Talvez se possa falar num clássico desassossegado pela psicanálise, a psicologia das profundidades, e a desconstrução pós moderna. Mas na ideia, na temática, e não na forma, como se disse, que revela sempre uma coloquialidade e um gosto pela narração que nunca deixa de o apoiar, digamos assim, e ajudando, obviamente, os leitores.

Mas a obra de Albano Estrela tem outras dimensões. Nas histórias pessoais e de família, e em certas crónicas, aparece frequentemente o Porto da infância e juventude do autor, e uma época – o Portugal da primeira metade do século XX – de que nos dá verdadeiros quadros psicológicos, sociais e morais.
As epifanias sobre certos momentos dramáticos de algumas personalidades célebres constituem um curioso e original processo de entrar nessas personalidades, tentando apanhá-las em momentos muito dramáticos da sua vida. E dos quais resultaram consequências importantes para o futuro.

Todos os momentos da nossa vida podem ser determinantes, é certo, mas nem sempre damos conta disso. É perturbante perceber que, em certos casos e com certas pessoas, esses momentos foram de grande angústia e tiveram consequências na vida de inúmeras pessoas.

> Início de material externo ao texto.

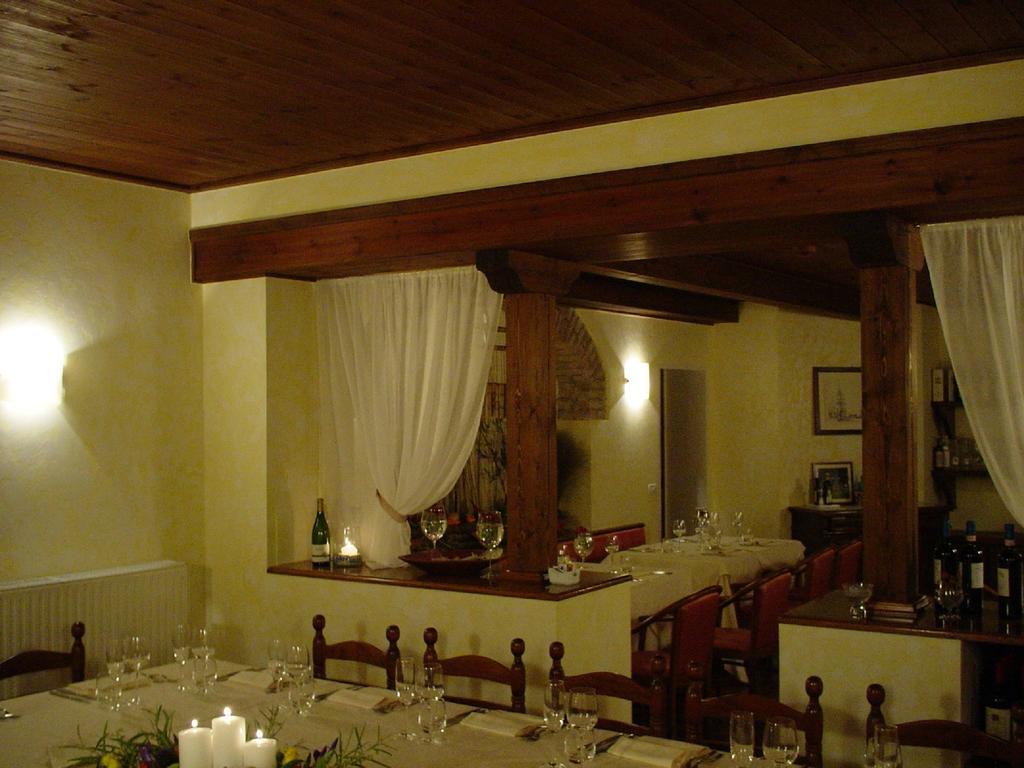 Albergo Ristorante Flora Vittorio Veneto Exterior photo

E, em certos casos, bem dramáticas.

Nas histórias de reformados voltam a aparecer muitos dos problemas anteriores, mas distribuídos por vários tipos e histórias, como se cada uma representasse um problema, real ou possível, da terceira idade. Aqui, as personagens e as situações oscilam entre o caricato, a glória perdida, as ilusões desfeitas, a usufruição da vida sem ter de dar contas a ninguém, e até a própria indecisão que não se consegue ultrapassar, porque decidir implica perder a liberdade; e como a liberdade é o bem mais precioso e pela qual tanto se ansiou, mais vale não decidir, e ter a liberdade como possibilidade, do que concretizá-la numa decisão e perdê-la. Haverá melhor maneira que esta para sintetizar o grande problema dos reformados?

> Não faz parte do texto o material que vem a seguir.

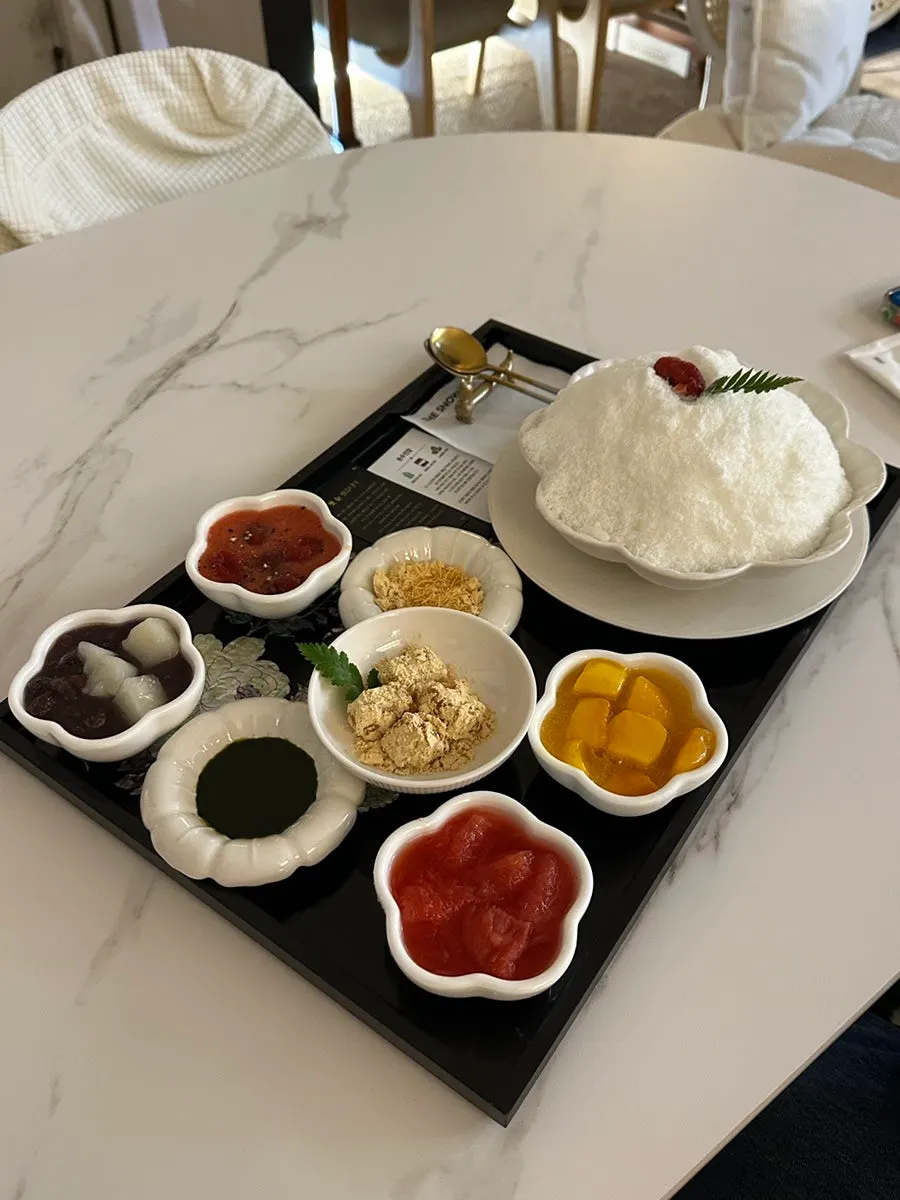 빙수를 기다리는 테이블 풍경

Os textos sobre educação e literatura são mais situações ou leituras onde o humano simplesmente humano, e o seu inesperado, se revela, que propriamente textos doutrinários sobre educação e literatura, que têm um outro e vasto campo na obra de Albano Estrela. Mas, também aqui, a personalidade do autor – perspicaz, divertida e bondosa – se manifesta, pois que ele humaniza tudo em que toca."